Your instructions
Pictures aside, restate the records below exactly as written.

Extracted records Start Marker

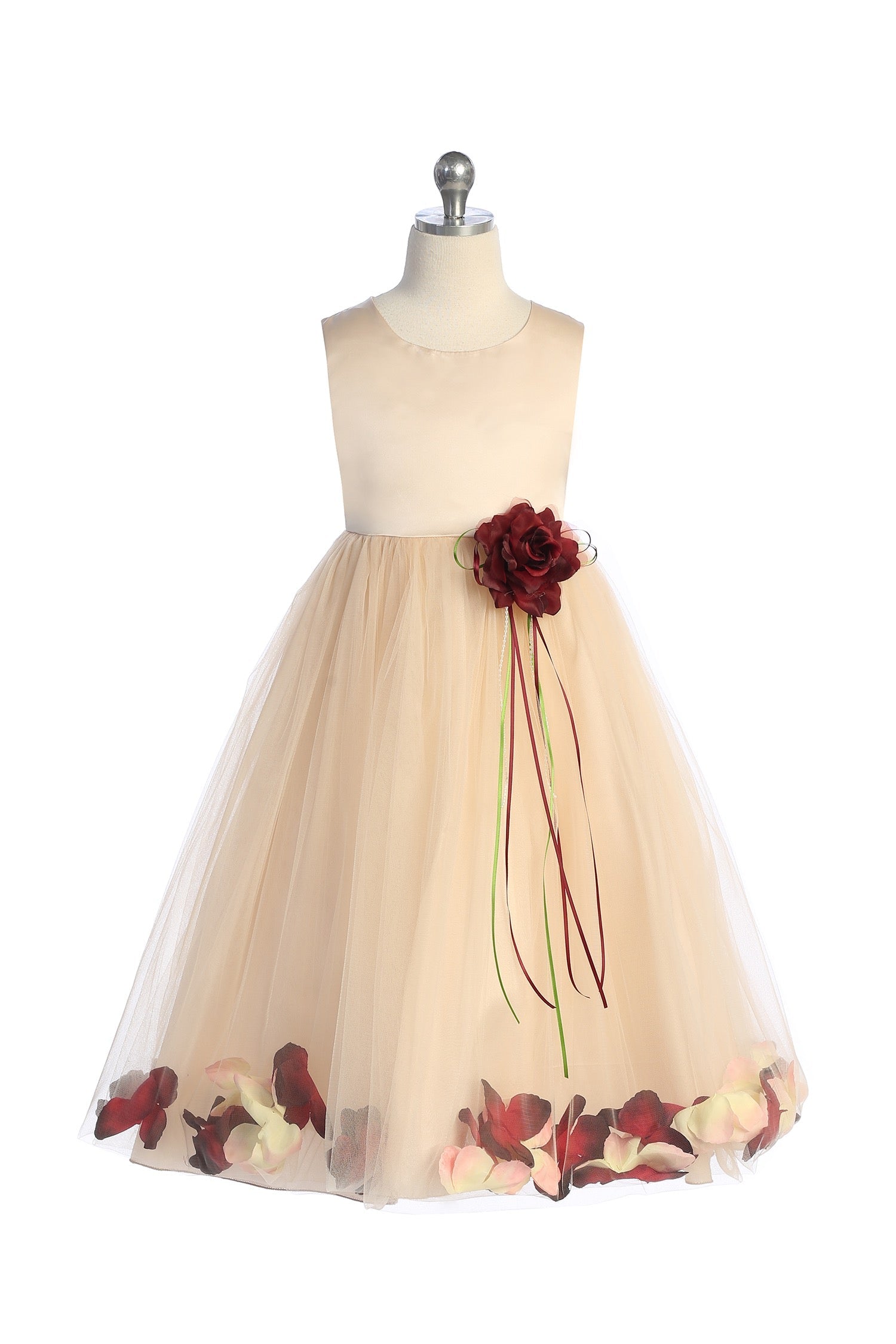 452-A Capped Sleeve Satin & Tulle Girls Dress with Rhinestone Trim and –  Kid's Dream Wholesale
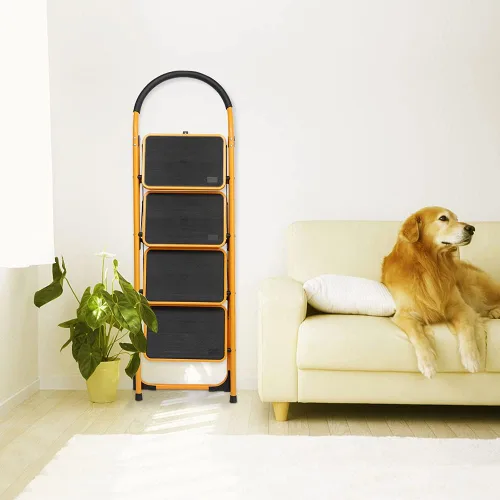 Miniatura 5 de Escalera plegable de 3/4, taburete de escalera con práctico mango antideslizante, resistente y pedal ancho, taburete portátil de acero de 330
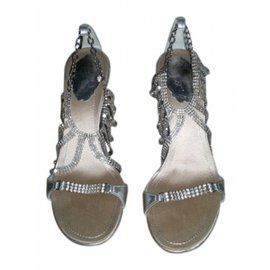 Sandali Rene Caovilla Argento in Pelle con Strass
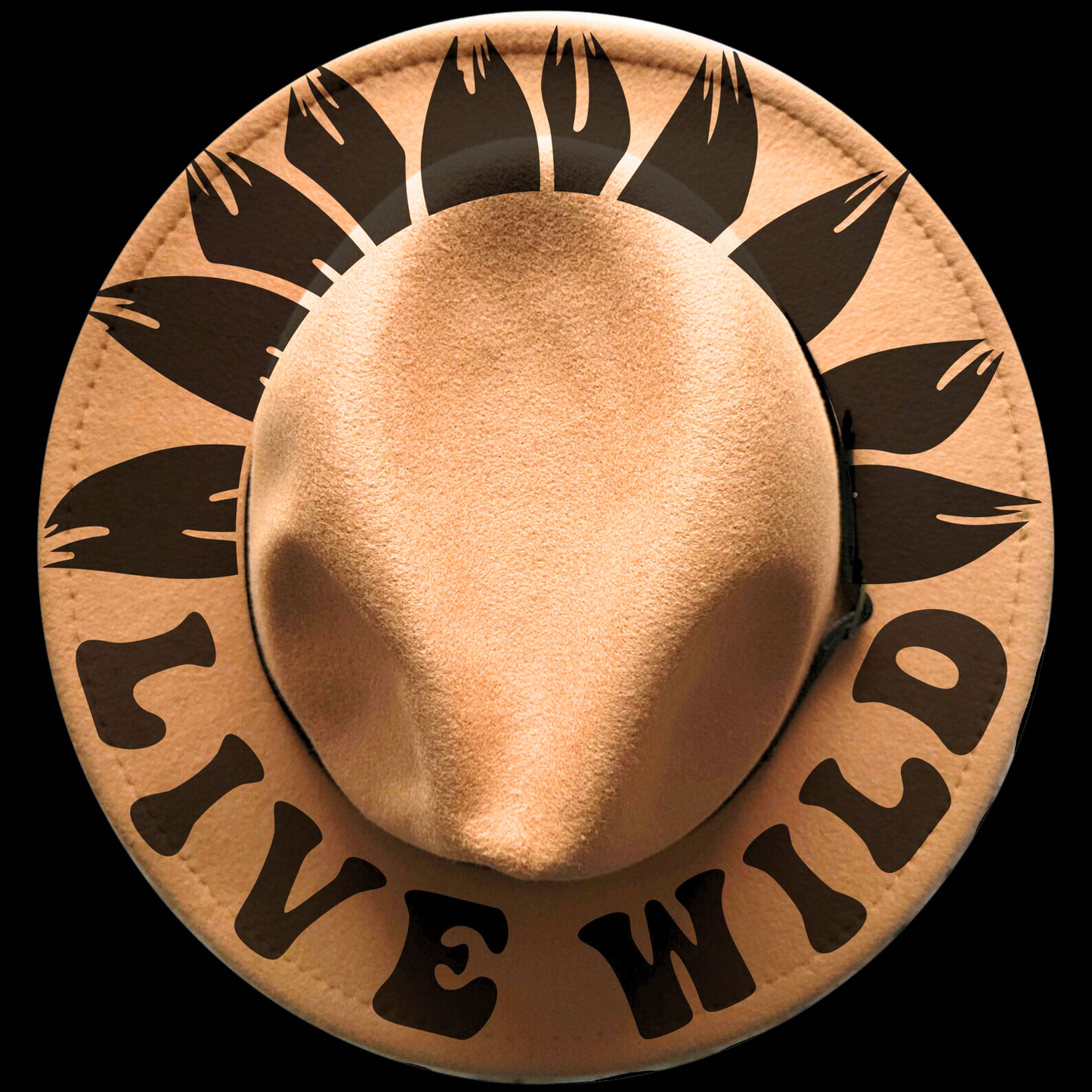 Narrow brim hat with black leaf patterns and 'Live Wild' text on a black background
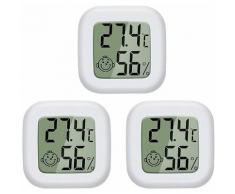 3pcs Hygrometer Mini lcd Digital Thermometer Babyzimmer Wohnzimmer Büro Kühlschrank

Extracted records End Marker

Solution below
 452-A Capped Sleeve Satin & Tulle Girls Dress with Rhinestone Trim and –  Kid's Dream Wholesale
 Miniatura 5 de Escalera plegable de 3/4, taburete de escalera con práctico mango antideslizante, resistente y pedal ancho, taburete portátil de acero de 330
 Sandali Rene Caovilla Argento in Pelle con Strass
 Narrow brim hat with black leaf patterns and 'Live Wild' text on a black background
 3pcs Hygrometer Mini lcd Digital Thermometer Babyzimmer Wohnzimmer Büro Kühlschrank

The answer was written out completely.